| EXCERPTED DATA |
- Opening Delimiter -

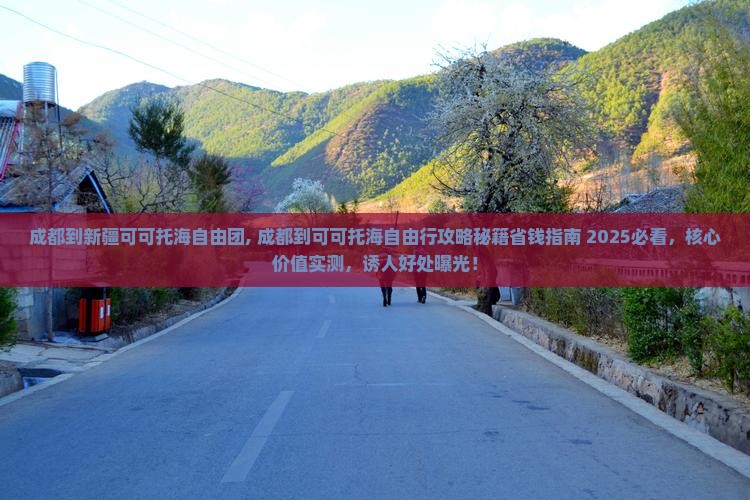 成都到新疆可可托海自由团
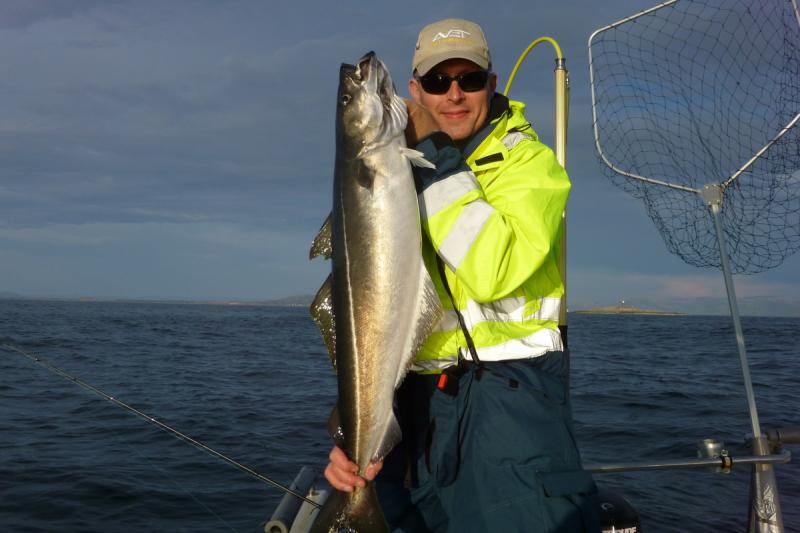 Strammer Flachwasserseelachs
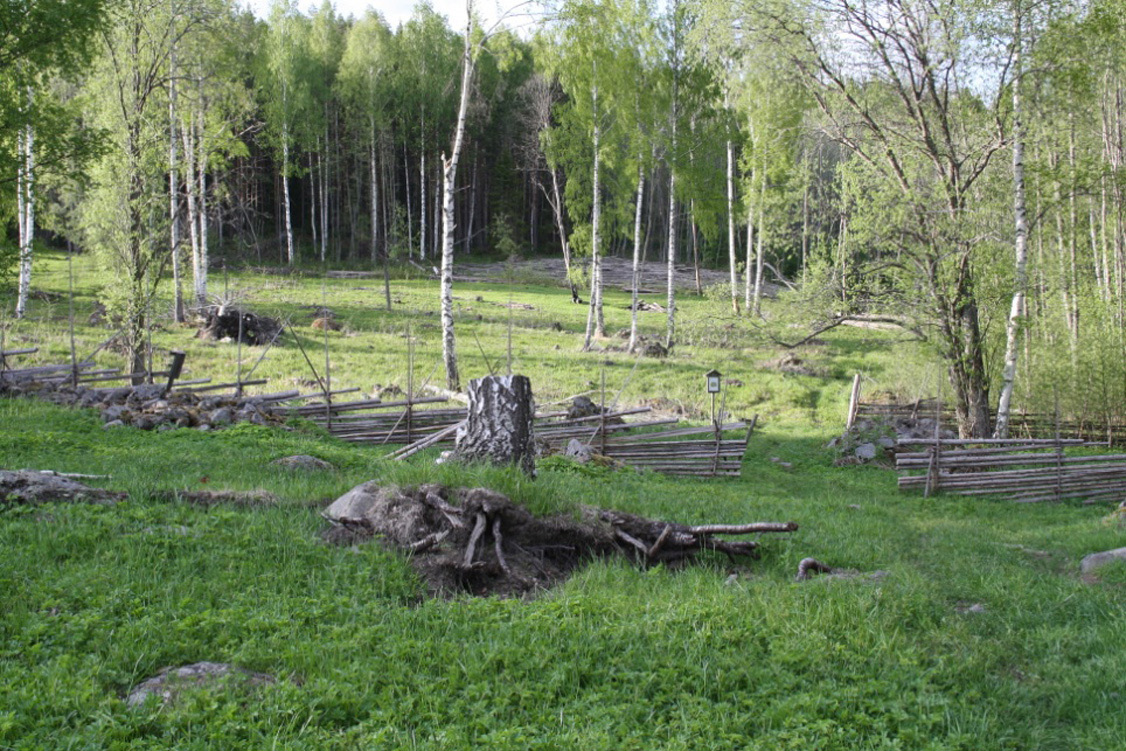 6.3 Perinnemaisemat Vuonna 2006 valmistui Etelä-Savon alueellinen perinnebiotooppien hoito-ohjelma, jossa on määritelty mm. kohteiden hoidon kiireellisyys ja hoidon kustannukset.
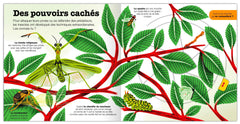 Les insectes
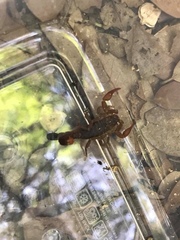 Pseudouroctonus reddelli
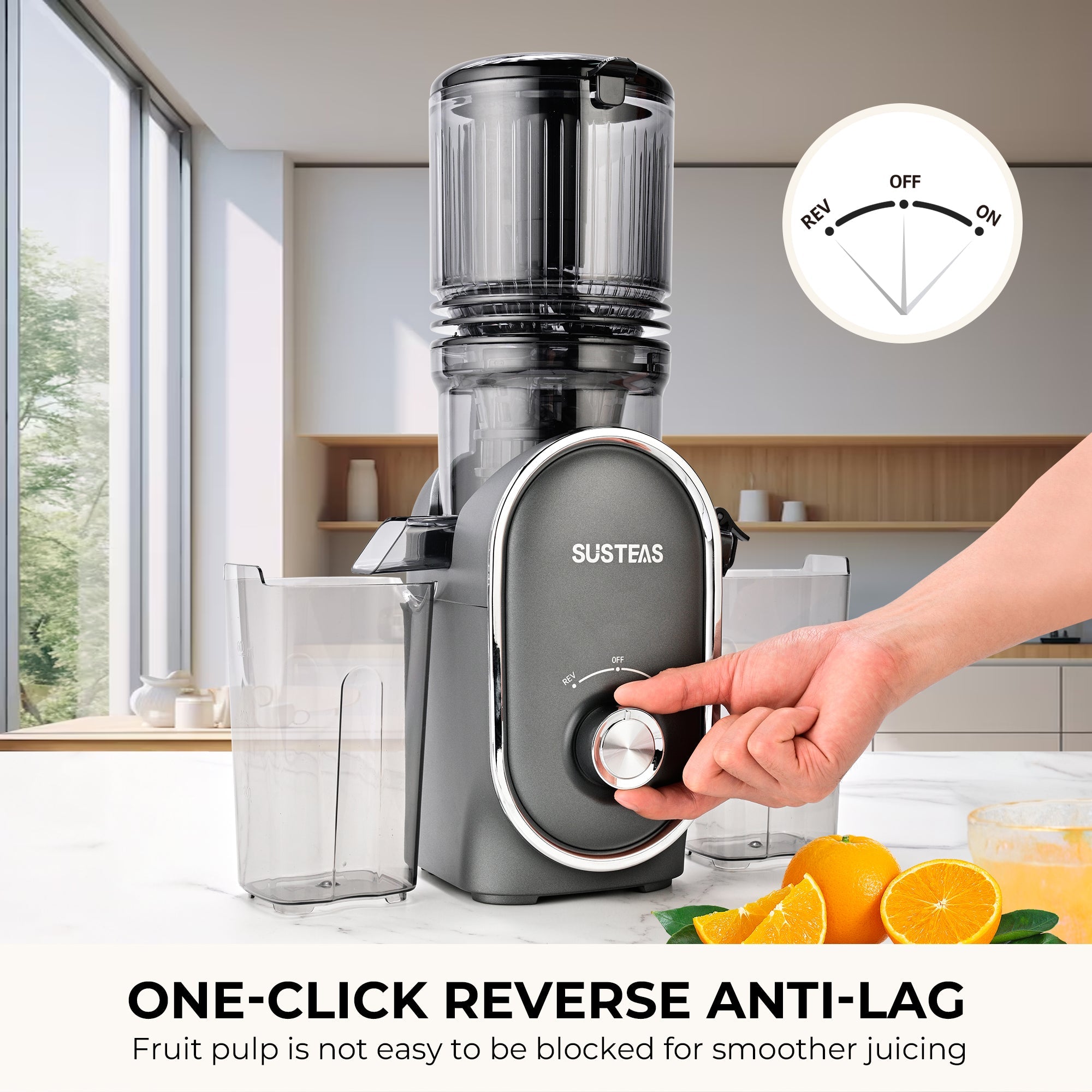 SUSTEAS Fruit Juicer for home, Dark Gray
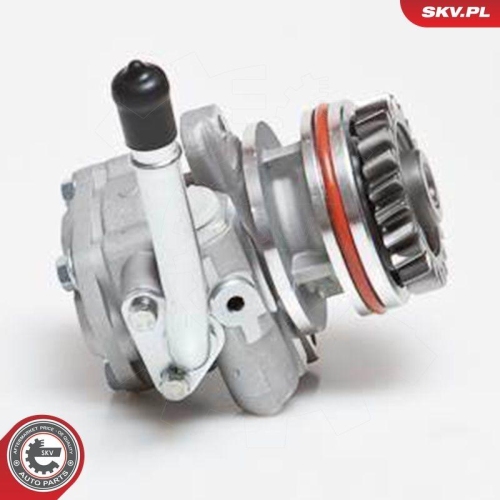 ESEN SKV Hydraulikpumpe, Lenkung 10SKV136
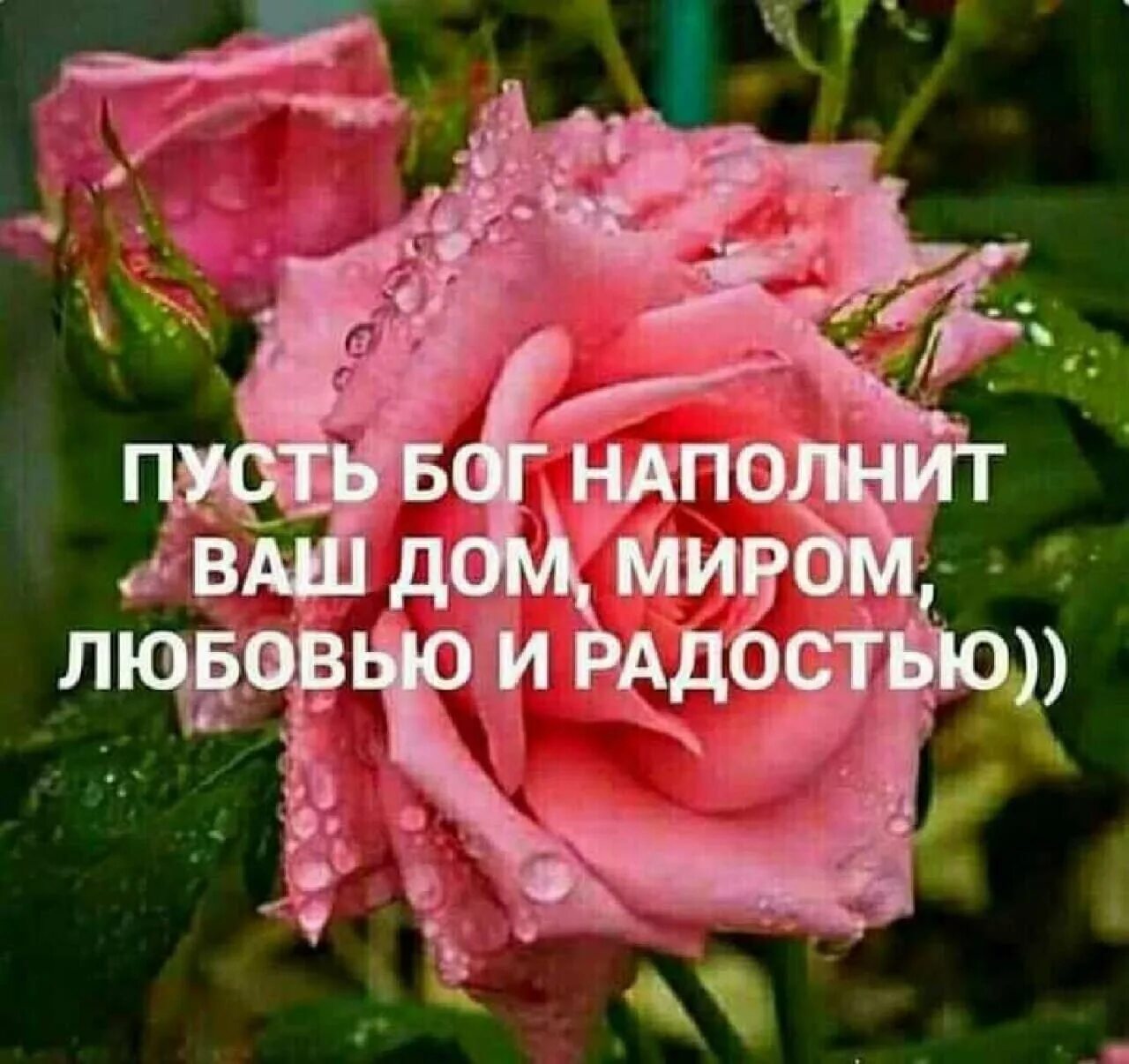 Картинки хорошего дня и благословений Хорошего дня с богом - 74 фото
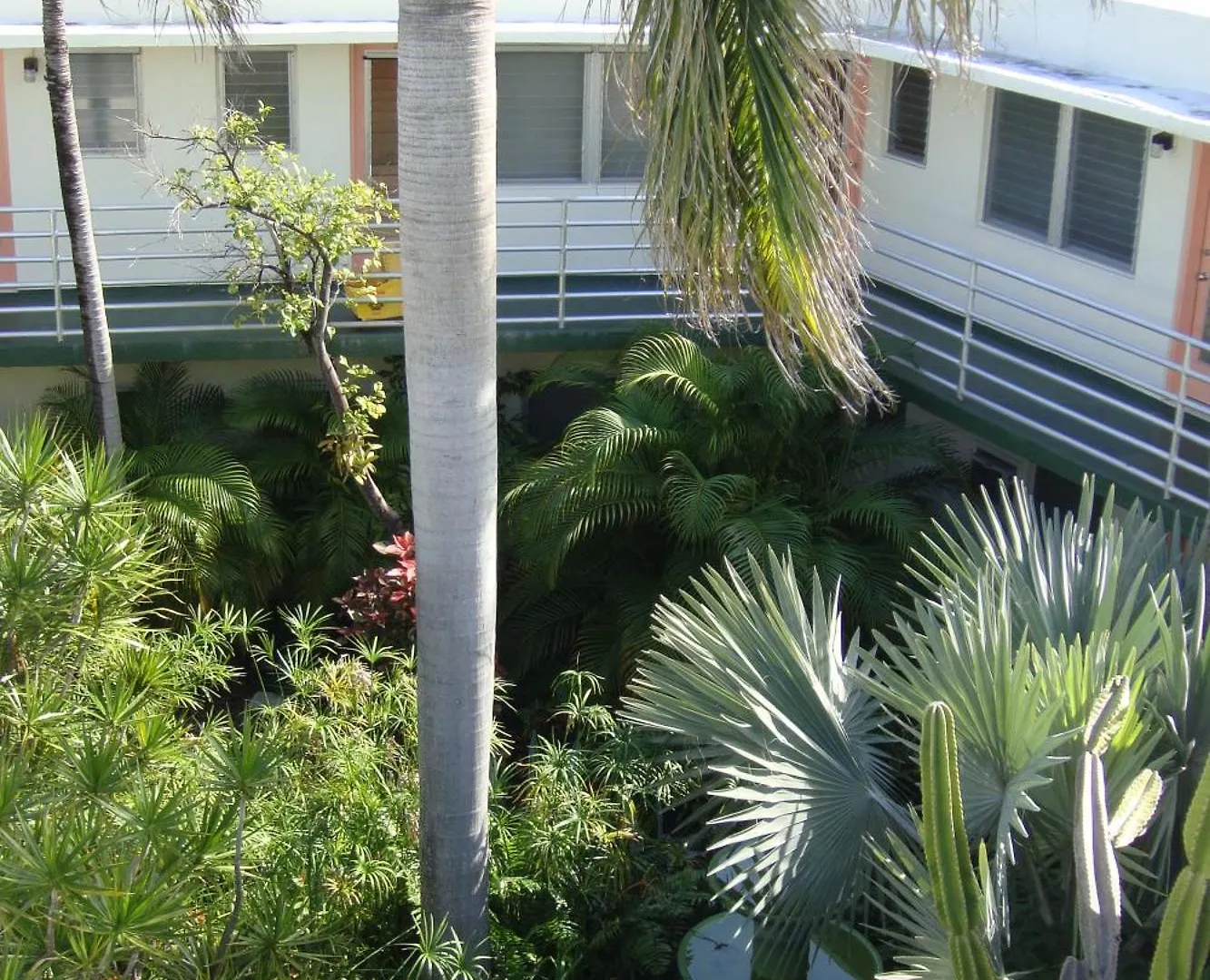 Motel El Patio 2*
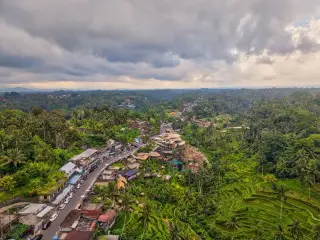 Illustration: Aerial view of a road and buildings alongside terraced rice fields and dense tropical forest.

- Closing Delimiter -

| WHAT THIS TASK INVOLVES |
Retype, word for word, the line containing "Motel El Patio 2*" and each line after it through the end of the data, leaving any picture out.

| TASK ANSWER |
 Motel El Patio 2*
 Illustration: Aerial view of a road and buildings alongside terraced rice fields and dense tropical forest.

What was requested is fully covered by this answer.